§ Required action: Omitting the pictures, restate all of the entries below exactly.

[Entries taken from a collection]
= = = = = = =

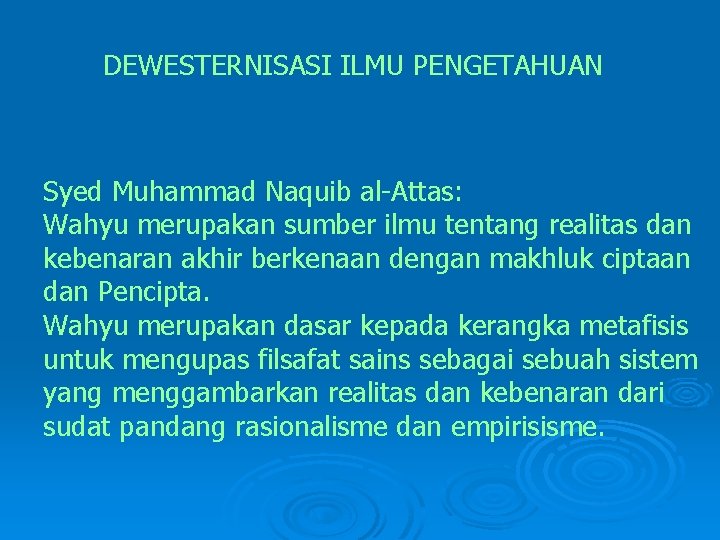 DEWESTERNISASI ILMU PENGETAHUAN Syed Muhammad Naquib al-Attas: Wahyu merupakan sumber ilmu tentang realitas dan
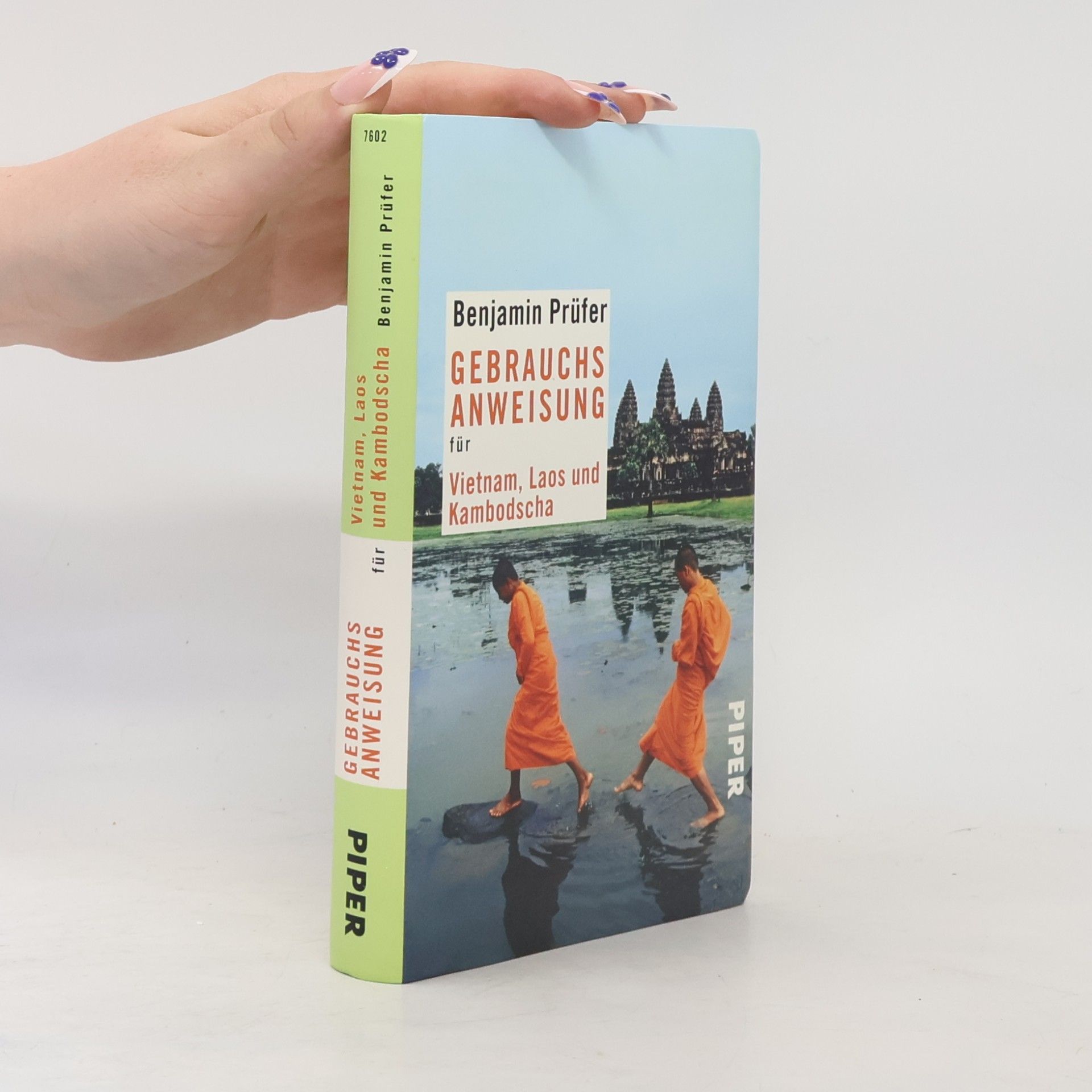 Benjamin Prüfer Gebrauchsanweisung für Vietnam, Laos und Kambodscha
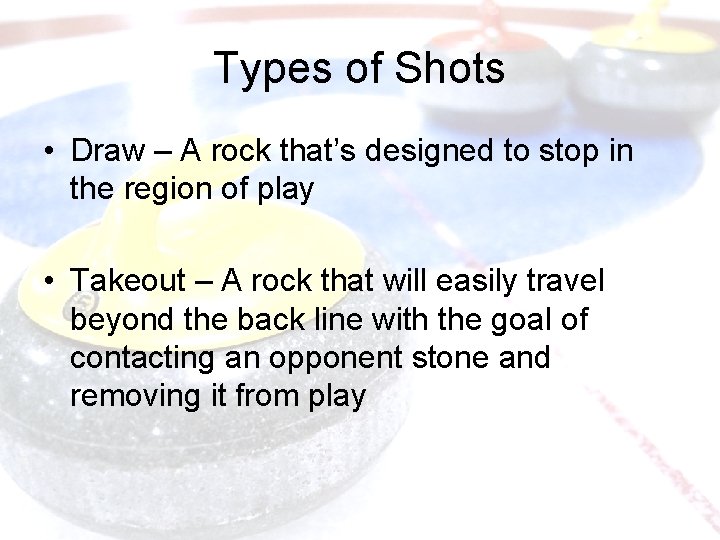 Types of Shots • Draw – A rock that’s designed to stop in the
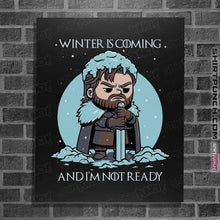 Load image into Gallery viewer, Secret_Shirts Posters / 4"x6" / Black The Cold Is Coming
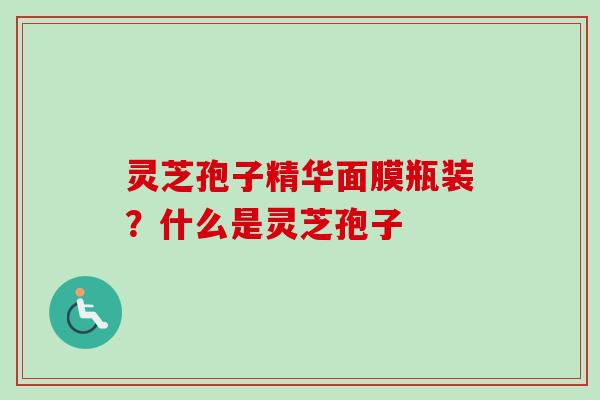 灵芝孢子精华面膜瓶装？什么是灵芝孢子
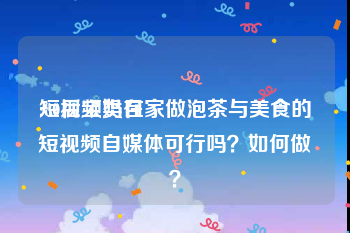 短视频类目
:80后宝妈在家做泡茶与美食的短视频自媒体可行吗？如何做？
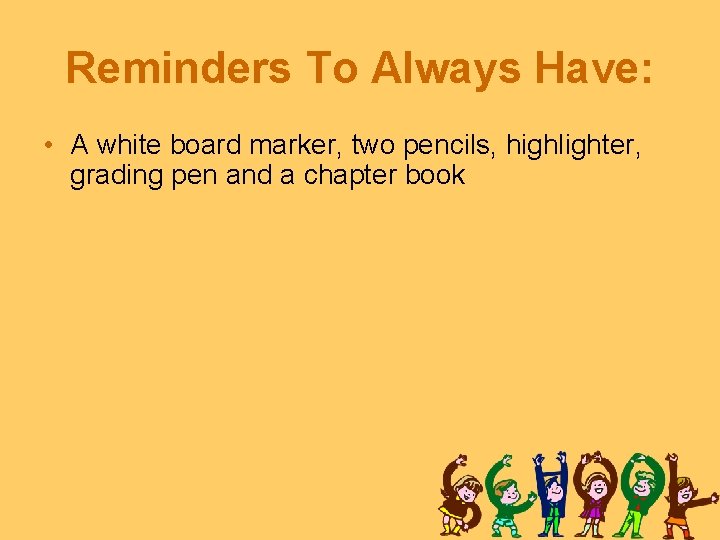 Reminders To Always Have: • A white board marker, two pencils, highlighter, grading pen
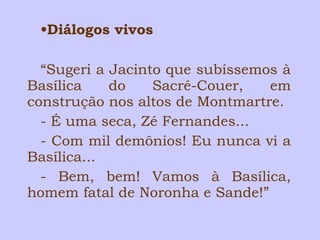 •Diálogos vivos 
“Sugeri a Jacinto que subíssemos à 
Basílica do Sacré-Couer, em 
construção nos altos de Montmartre. 
- É uma seca, Zé Fernandes... 
- Com mil demônios! Eu nunca vi a 
Basílica... 
- Bem, bem! Vamos à Basílica, 
homem fatal de Noronha e Sande!” 
 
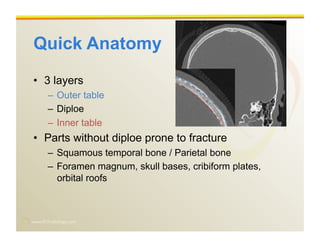 www.RiTradiology.com	

Quick Anatomy
•  3 layers
–  Outer table
–  Diploe
–  Inner table
•  Parts without diploe prone to fracture
–  Squamous temporal bone / Parietal bone
–  Foramen magnum, skull bases, cribiform plates,
orbital roofs
 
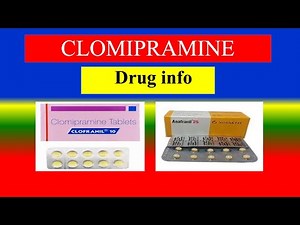 CLOMIPRAMINE (ANAFRANIL) -Generic Name, Drug class, Brande ,Precautions, How to use, Side Effects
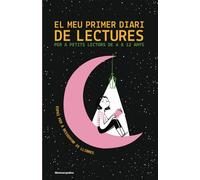 El meu primer diari de lectures. Per a petits lectors de 6 a 12 anys:: quadern de lectures infantil per a ressenyar 25 llibres + molts extres (format petit - A5).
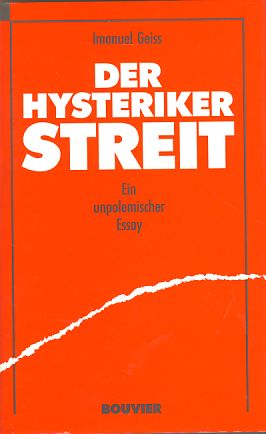 Der Hysterikerstreit. Ein unpolemischer Essay. Schriftenreihe Extrtemismus und Demokratie, Bd. 1. - Geiss, Imanuel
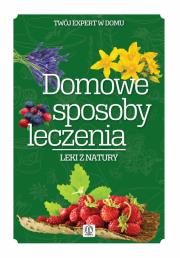 Okładka książki Domowe sposoby leczenia TW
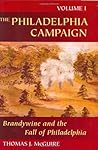 The Philadelphia Campaign: Volume I: Brandywine and the Fall of Philadelphia The Philadelphia Campaign: Volume I: Brandywine and the Fall of Philadelphia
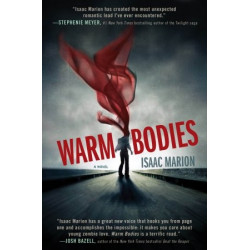 Warm Bodies by Isaac Marion...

= = = = = = =

§ Finished task:
 DEWESTERNISASI ILMU PENGETAHUAN Syed Muhammad Naquib al-Attas: Wahyu merupakan sumber ilmu tentang realitas dan
 Benjamin Prüfer Gebrauchsanweisung für Vietnam, Laos und Kambodscha
 Types of Shots • Draw – A rock that’s designed to stop in the
 Load image into Gallery viewer, Secret_Shirts Posters / 4"x6" / Black The Cold Is Coming
 灵芝孢子精华面膜瓶装？什么是灵芝孢子
 短视频类目
:80后宝妈在家做泡茶与美食的短视频自媒体可行吗？如何做？
 Reminders To Always Have: • A white board marker, two pencils, highlighter, grading pen
 •Diálogos vivos 
“Sugeri a Jacinto que subíssemos à 
Basílica do Sacré-Couer, em 
construção nos altos de Montmartre. 
- É uma seca, Zé Fernandes... 
- Com mil demônios! Eu nunca vi a 
Basílica... 
- Bem, bem! Vamos à Basílica, 
homem fatal de Noronha e Sande!” 
 
 www.RiTradiology.com	

Quick Anatomy
•  3 layers
–  Outer table
–  Diploe
–  Inner table
•  Parts without diploe prone to fracture
–  Squamous temporal bone / Parietal bone
–  Foramen magnum, skull bases, cribiform plates,
orbital roofs
 
 CLOMIPRAMINE (ANAFRANIL) -Generic Name, Drug class, Brande ,Precautions, How to use, Side Effects
 El meu primer diari de lectures. Per a petits lectors de 6 a 12 anys:: quadern de lectures infantil per a ressenyar 25 llibres + molts extres (format petit - A5).
 Der Hysterikerstreit. Ein unpolemischer Essay. Schriftenreihe Extrtemismus und Demokratie, Bd. 1. - Geiss, Imanuel
 Okładka książki Domowe sposoby leczenia TW
 The Philadelphia Campaign: Volume I: Brandywine and the Fall of Philadelphia The Philadelphia Campaign: Volume I: Brandywine and the Fall of Philadelphia
 Warm Bodies by Isaac Marion...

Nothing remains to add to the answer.